Problem to work on >> Copy, word for word, the lines below from the one containing "Dach mit schwarzen Solarmodulen" up to and including the one containing "Al Habtoor Grand", with pictures left out.

Caption-style text data:
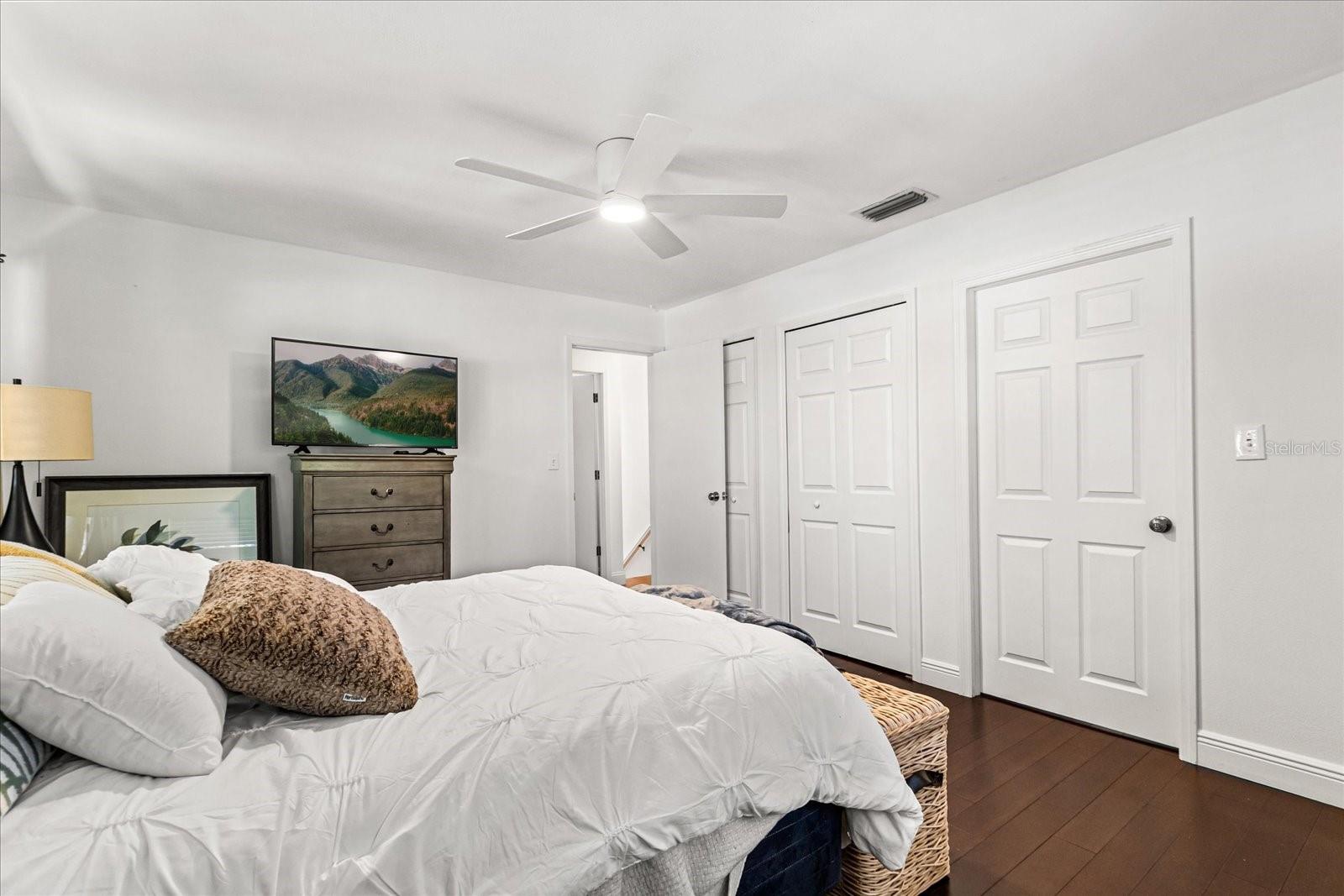 2418 Euston Rd Property Photo 17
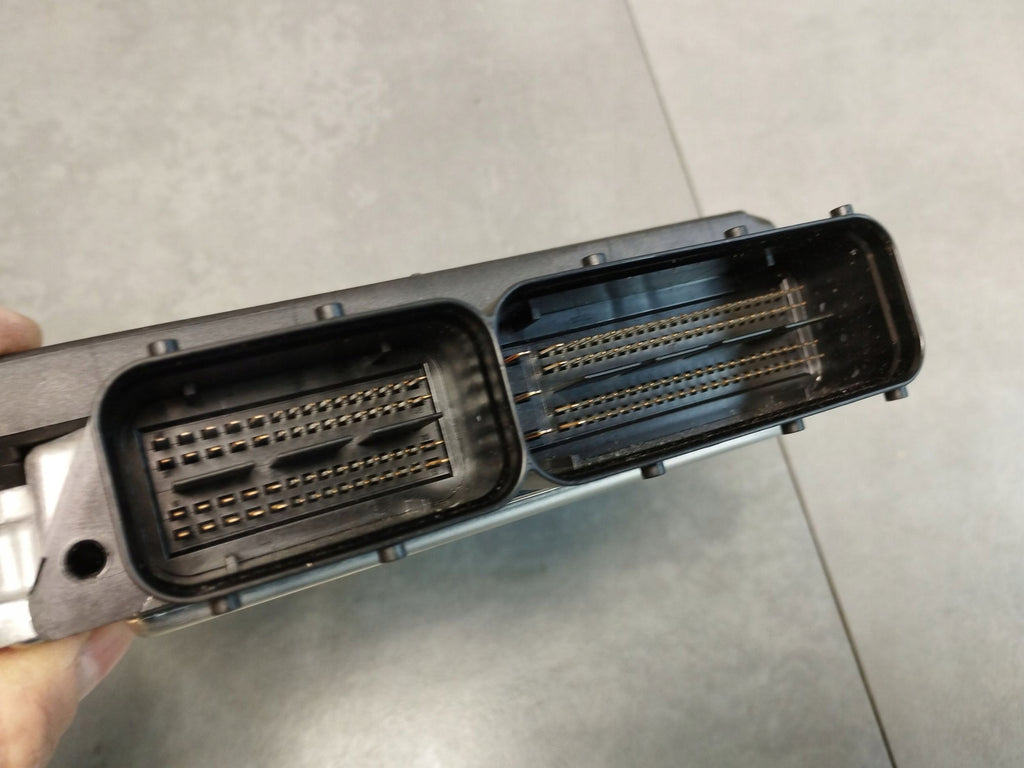 Audi A5 Sportback 8TA Driver engine computer 04L906021BM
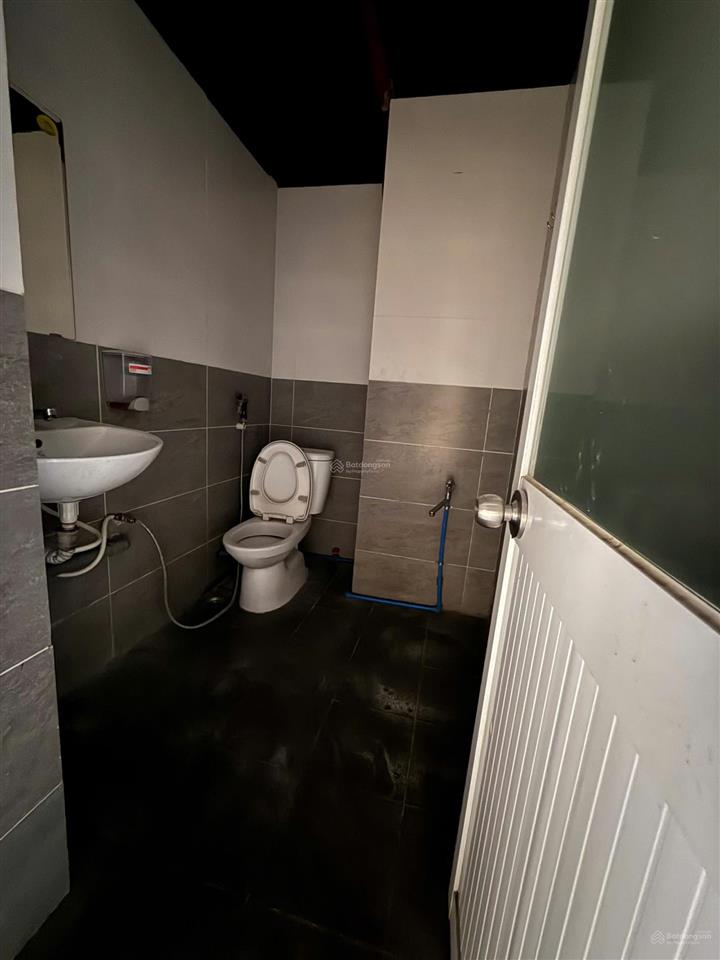 Cho thuê shop masteri thảo điền đối diện vincom tàu điện công viên nội khu 150m2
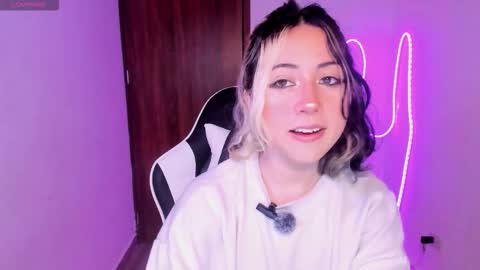 Snapshot of frida_lassi_ chatting on November 30, 2025, 9:30 pm frida_lassi_ online show from November 30, 2025, 9:30 pm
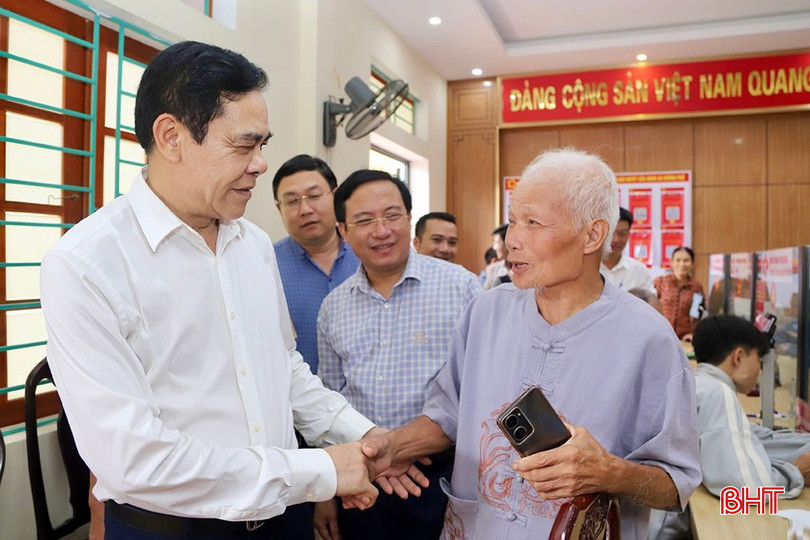 Chủ tịch UBND tỉnh Võ Trọng Hải trao đổi với công dân tại Trung tâm Phục vụ hành chính công xã Hương Phố. bqbht_br_img-7578-copy.jpg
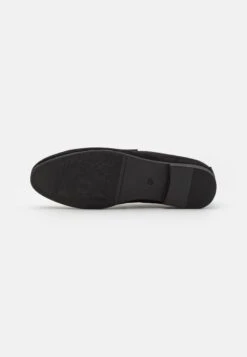 Pier One Slip-Ons - Black 10 Pier One Slip-Ons - Black -Pier One 7c594d77bc6740d4a9920a1bb4870922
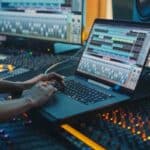 Equalizzatore Audio: come trovare le impostazioni perfette per altoparlanti, cuffie e auricolari
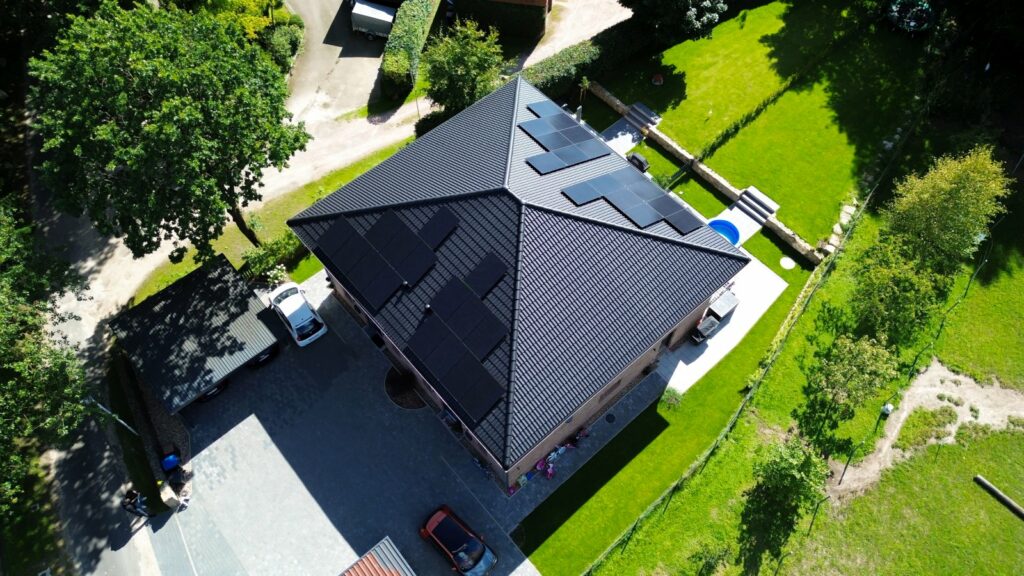 Dach mit schwarzen Solarmodulen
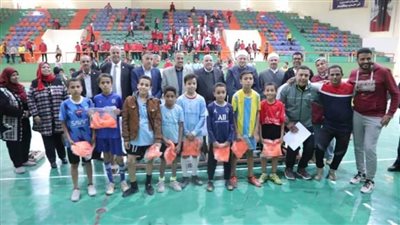 نهائي دوري كأس الألعاب الرياضيه لطلاب المدارس في خماسي كره القدم بالوادي الجديد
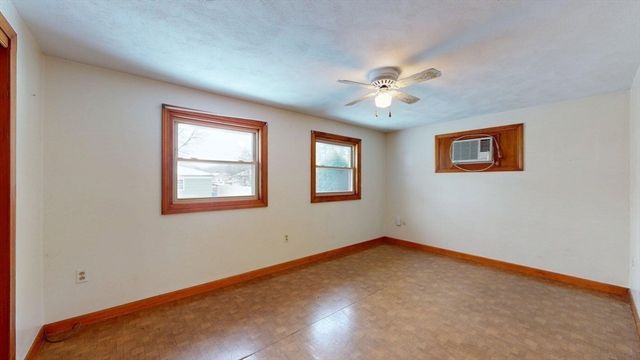 29 Lincoln St, Agawam, MA 01030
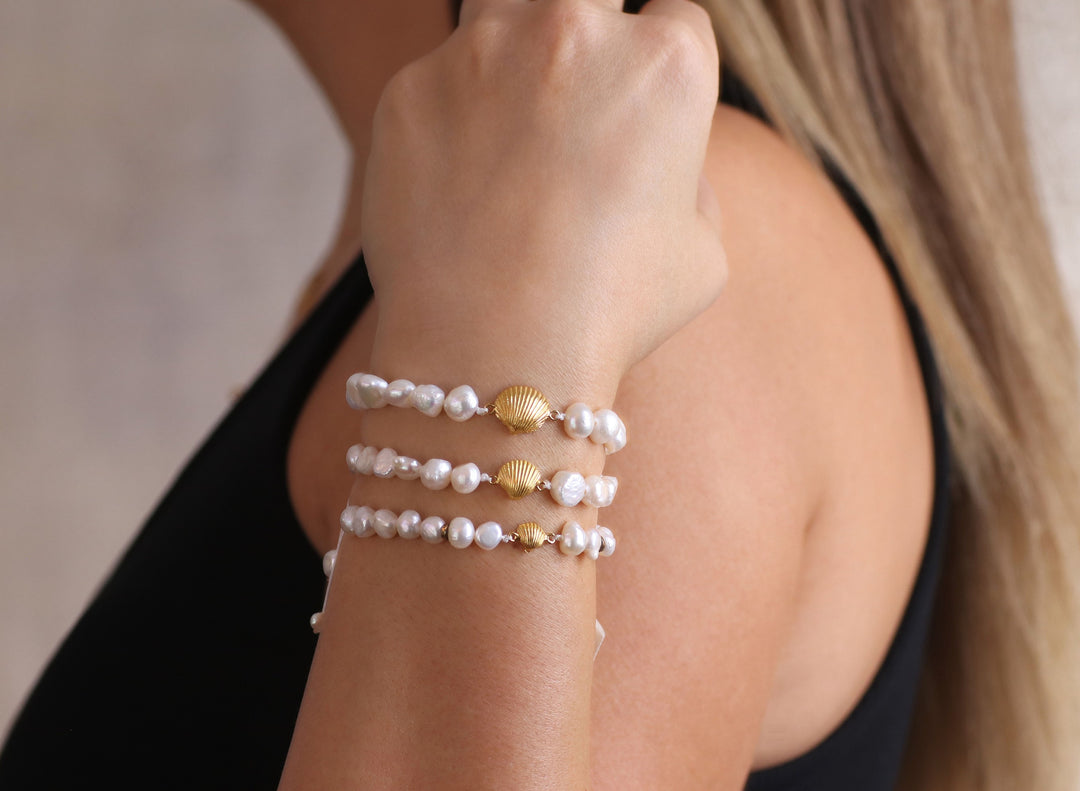 SHELL AND PEARL BRACELET | 18K GOLD AND PEARL BRACELET | ADJUSTABLE BRACELET | STACKING BRACELET | VALENTINE GIFT | PEARL JEWELLERY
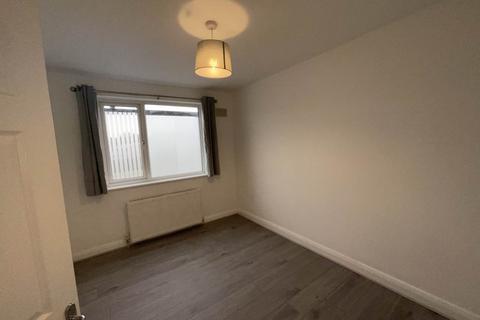 2 bedroom flat to rent, Brooklyn Court, Loughton, Essex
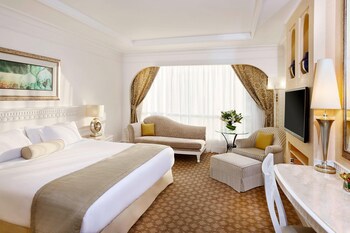 Al Habtoor Grand Resort, Autograph Collection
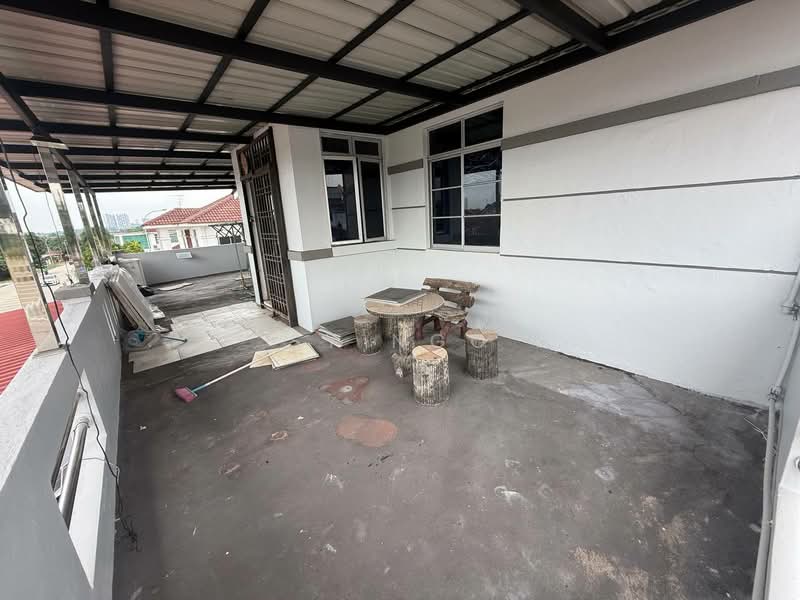 Rumah Teres 2-Tingkat untuk Dijual di Taman Nusa Jaya Mas (Iskandar Puteri (Nusajaya)) - SY Ngo - Balcony - PropertyGuru.com.my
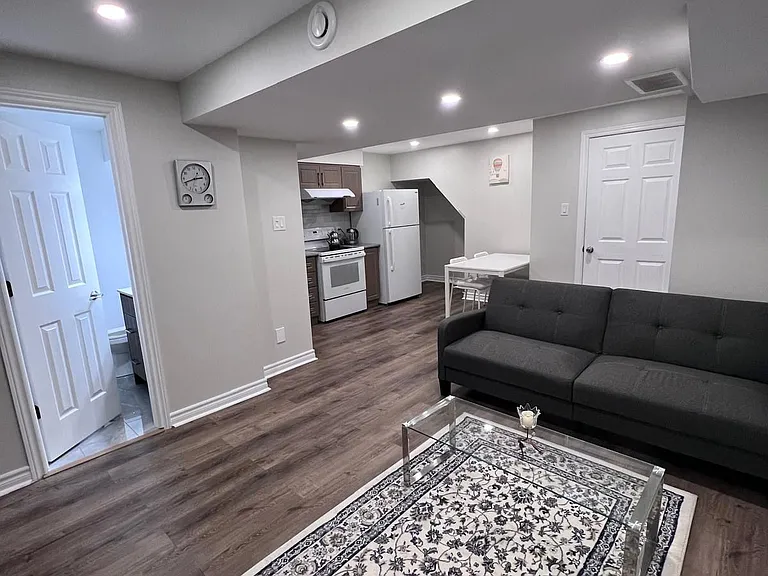 109 Harvest Hills Blvd #BASEMENT — Photo 2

Response box >>
 Dach mit schwarzen Solarmodulen
 نهائي دوري كأس الألعاب الرياضيه لطلاب المدارس في خماسي كره القدم بالوادي الجديد
 29 Lincoln St, Agawam, MA 01030
 SHELL AND PEARL BRACELET | 18K GOLD AND PEARL BRACELET | ADJUSTABLE BRACELET | STACKING BRACELET | VALENTINE GIFT | PEARL JEWELLERY
 2 bedroom flat to rent, Brooklyn Court, Loughton, Essex
 Al Habtoor Grand Resort, Autograph Collection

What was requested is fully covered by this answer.